#### ACTION ITEM
Please return all lines in the listing holding the word "nhất".
•••••
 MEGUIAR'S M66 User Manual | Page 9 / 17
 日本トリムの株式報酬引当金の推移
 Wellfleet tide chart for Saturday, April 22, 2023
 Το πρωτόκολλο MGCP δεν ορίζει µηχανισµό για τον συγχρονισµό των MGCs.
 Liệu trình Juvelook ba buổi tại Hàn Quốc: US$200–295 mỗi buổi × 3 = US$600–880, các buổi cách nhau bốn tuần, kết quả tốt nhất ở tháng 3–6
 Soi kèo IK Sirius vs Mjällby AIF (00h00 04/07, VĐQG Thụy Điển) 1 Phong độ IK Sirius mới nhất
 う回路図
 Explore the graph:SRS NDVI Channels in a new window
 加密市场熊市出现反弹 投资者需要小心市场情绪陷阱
•••••
#### SOLUTION FOR THIS TASK
 Liệu trình Juvelook ba buổi tại Hàn Quốc: US$200–295 mỗi buổi × 3 = US$600–880, các buổi cách nhau bốn tuần, kết quả tốt nhất ở tháng 3–6
 Soi kèo IK Sirius vs Mjällby AIF (00h00 04/07, VĐQG Thụy Điển) 1 Phong độ IK Sirius mới nhất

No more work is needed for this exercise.